Your goal: Lines in which "image" appears should be pulled from the data below.

Dataset records:

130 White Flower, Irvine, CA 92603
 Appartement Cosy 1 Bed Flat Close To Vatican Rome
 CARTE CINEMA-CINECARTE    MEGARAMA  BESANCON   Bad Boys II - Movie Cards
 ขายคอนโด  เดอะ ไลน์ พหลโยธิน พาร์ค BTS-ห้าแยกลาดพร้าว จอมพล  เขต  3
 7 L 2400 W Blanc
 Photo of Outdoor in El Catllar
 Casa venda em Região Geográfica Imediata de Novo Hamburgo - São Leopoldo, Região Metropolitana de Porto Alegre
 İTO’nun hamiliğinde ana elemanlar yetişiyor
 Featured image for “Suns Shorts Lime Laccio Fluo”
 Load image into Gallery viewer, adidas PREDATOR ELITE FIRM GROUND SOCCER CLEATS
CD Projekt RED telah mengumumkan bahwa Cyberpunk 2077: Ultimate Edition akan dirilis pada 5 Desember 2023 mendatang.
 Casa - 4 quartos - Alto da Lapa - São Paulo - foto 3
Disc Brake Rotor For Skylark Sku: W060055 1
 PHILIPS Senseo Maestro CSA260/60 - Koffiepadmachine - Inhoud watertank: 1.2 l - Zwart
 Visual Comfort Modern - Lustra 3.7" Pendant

Solution:
 Featured image for “Suns Shorts Lime Laccio Fluo”
 Load image into Gallery viewer, adidas PREDATOR ELITE FIRM GROUND SOCCER CLEATS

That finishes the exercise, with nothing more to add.